Work to be completed: Beginning at the line that contains "Leonardo DiCaprio curte", reproduce the entries below exactly, ending with the line that contains "АНДРЕЙ ЖДАНОВ". Omit each picture.

Records for this exercise:
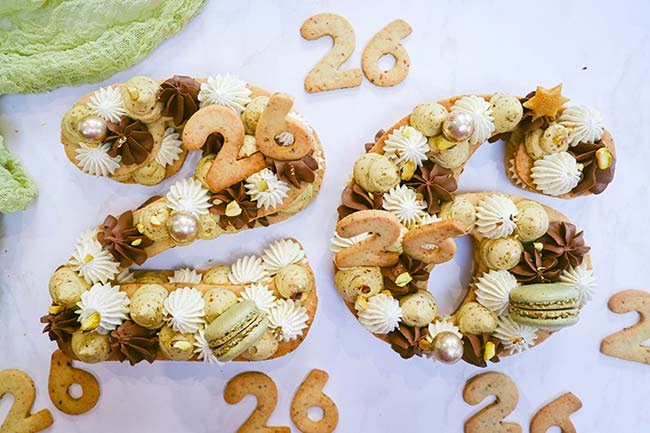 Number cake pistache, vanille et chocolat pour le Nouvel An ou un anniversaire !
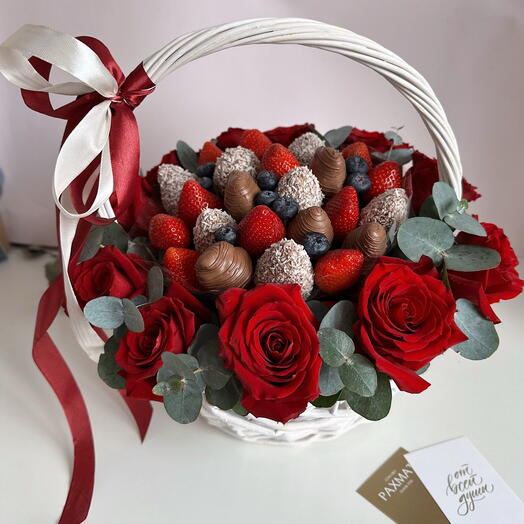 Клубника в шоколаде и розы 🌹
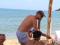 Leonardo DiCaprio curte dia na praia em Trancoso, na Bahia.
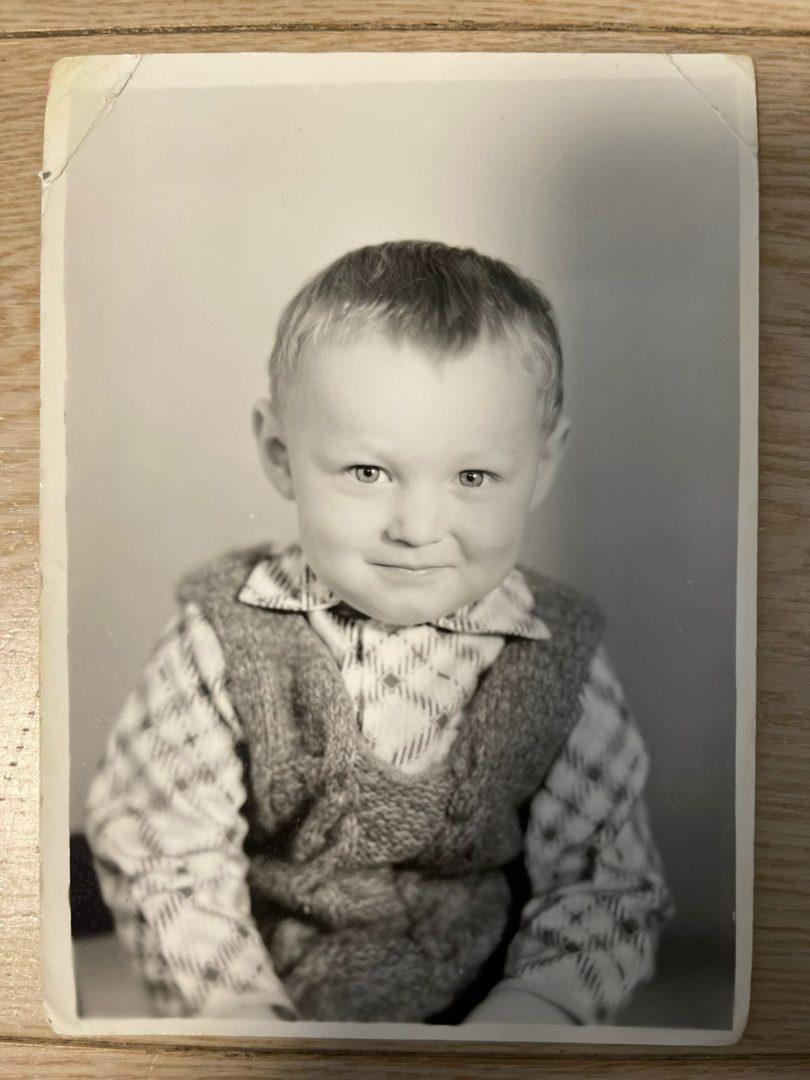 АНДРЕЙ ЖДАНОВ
...
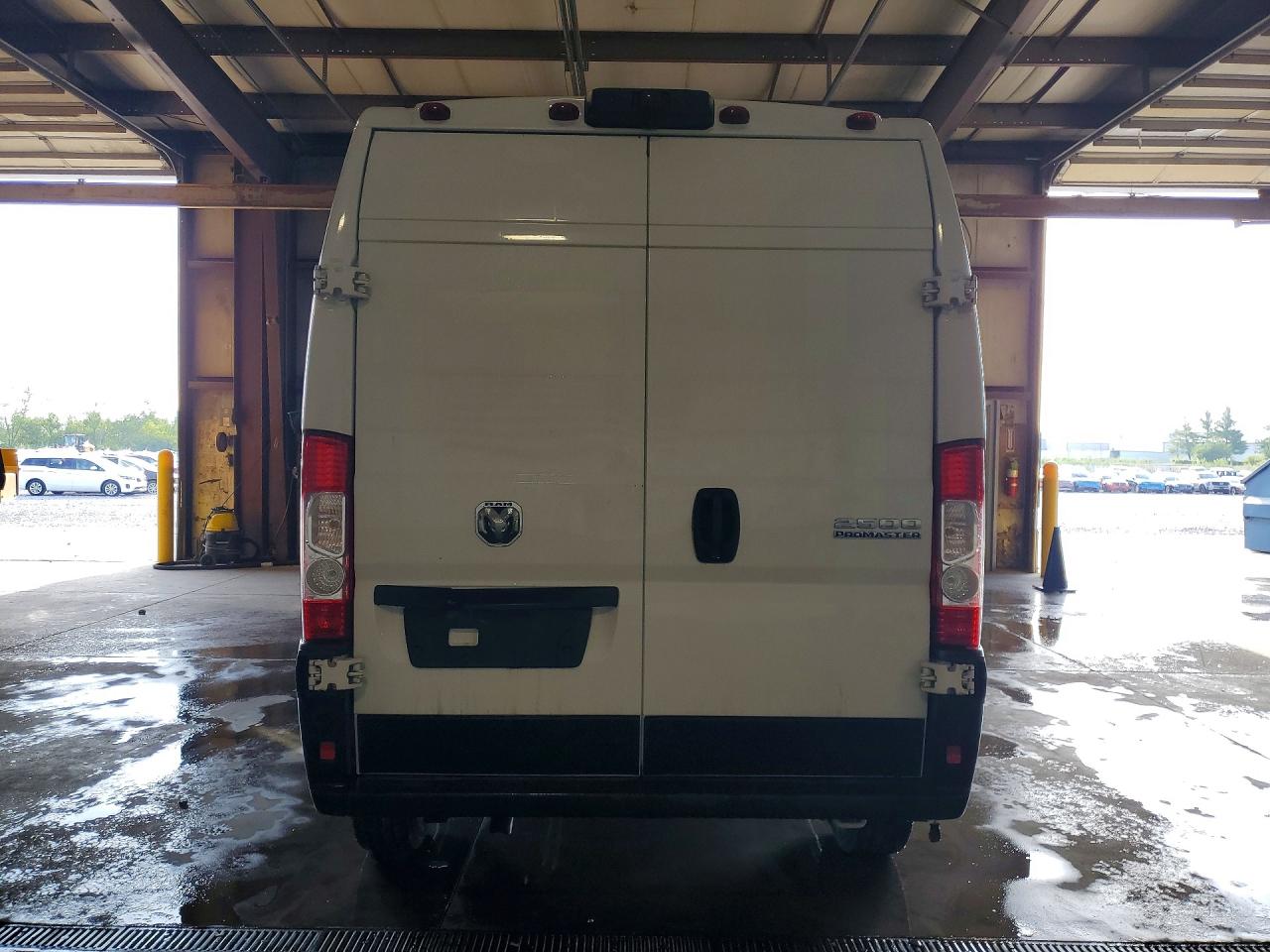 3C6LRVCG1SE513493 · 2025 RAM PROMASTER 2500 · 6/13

Answer to this task:
 Leonardo DiCaprio curte dia na praia em Trancoso, na Bahia.
 АНДРЕЙ ЖДАНОВ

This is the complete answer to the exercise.